Input data Block Start
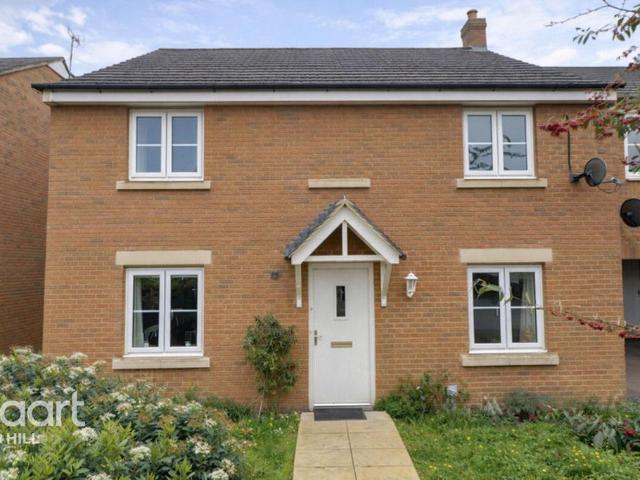 4 bedroom link detached house for sale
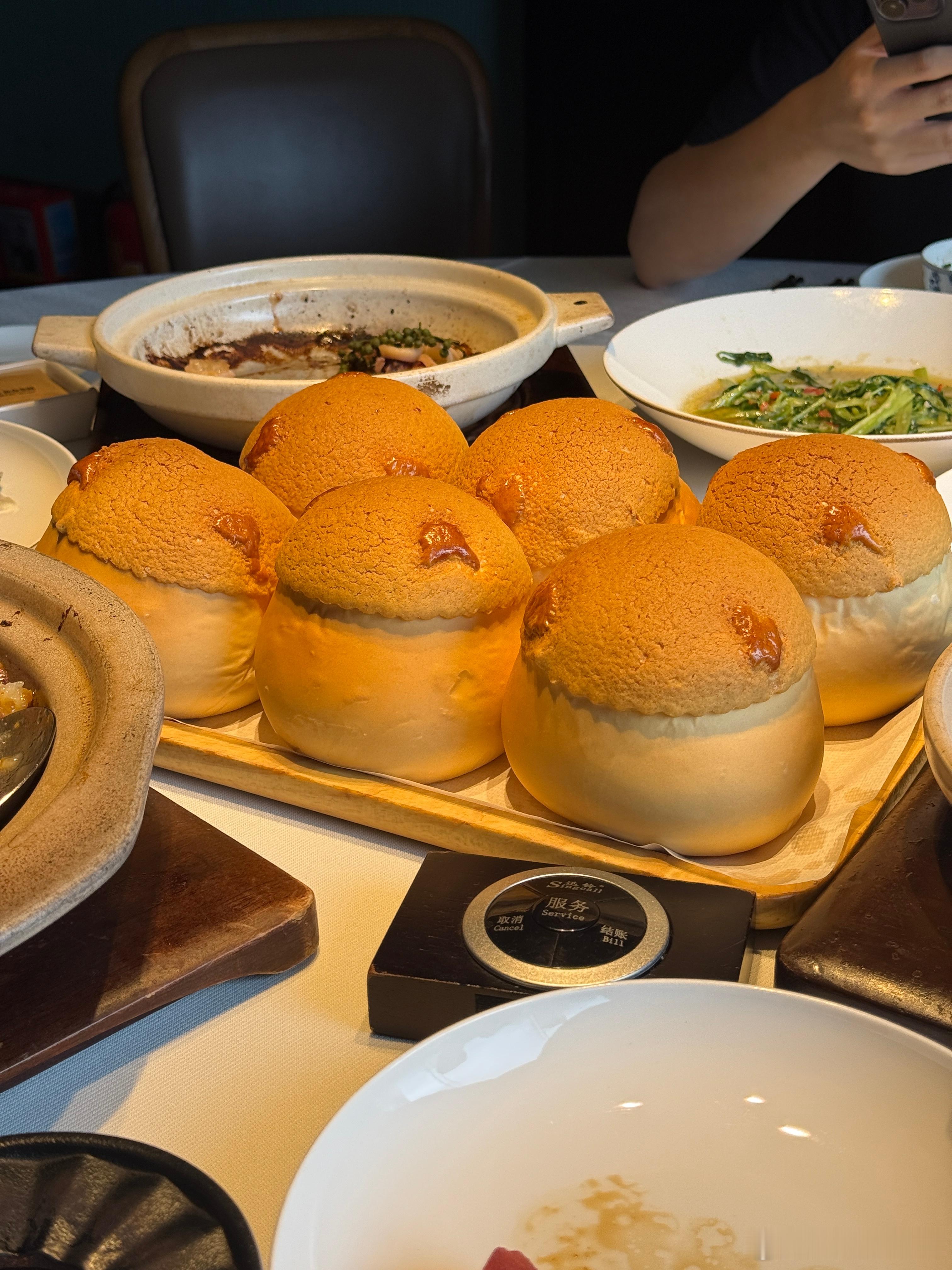 菠萝包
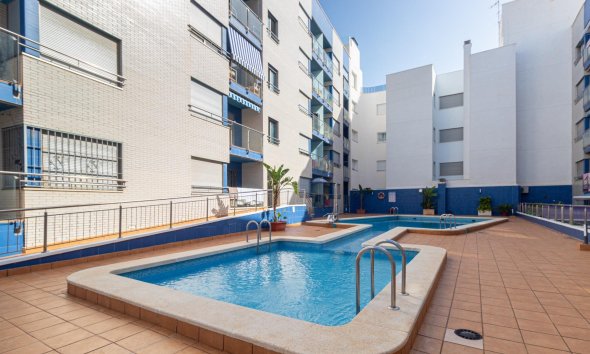 Resale - Apartment - Torrevieja - Playa de los Locos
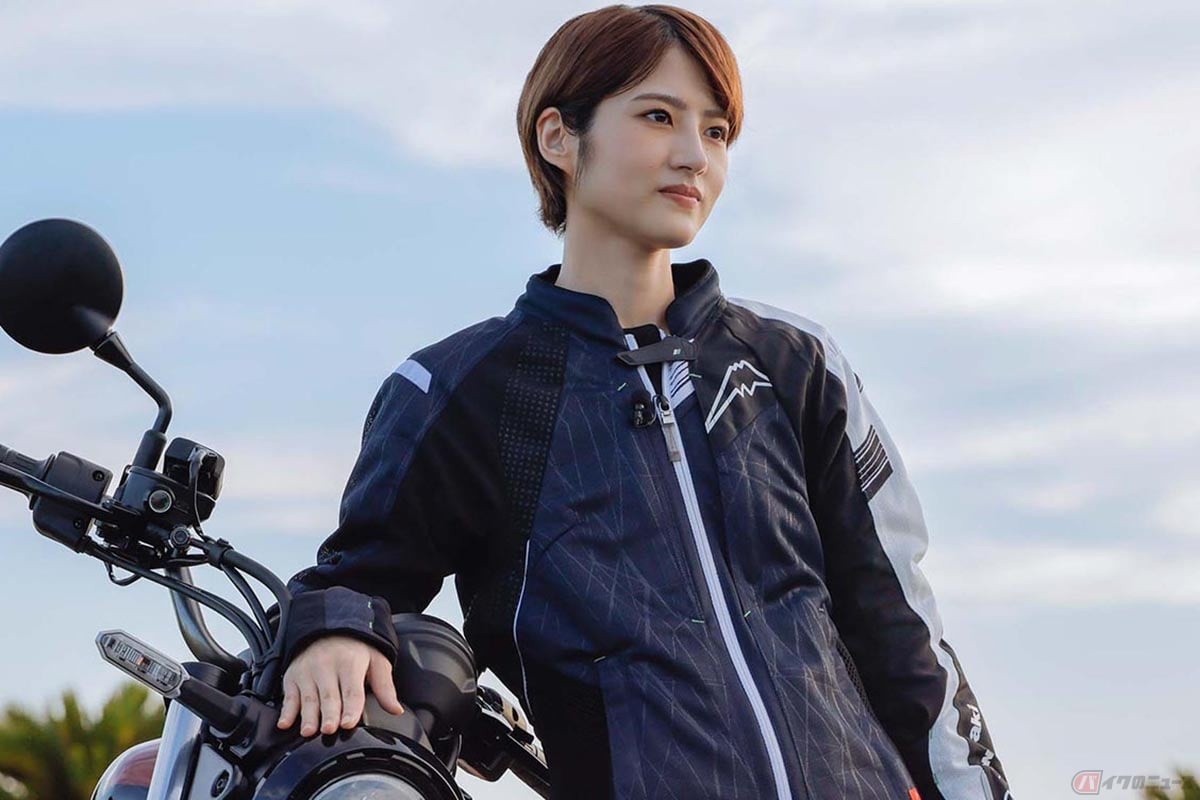 カワサキ「エリミネータープラザエディション」を購入した俳優・若月佑美さん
Input data Block End
Would you transcribe the listing above line by line, exactly, leaving every picture out?

Response to the task:
 4 bedroom link detached house for sale
 菠萝包
 Resale - Apartment - Torrevieja - Playa de los Locos
 カワサキ「エリミネータープラザエディション」を購入した俳優・若月佑美さん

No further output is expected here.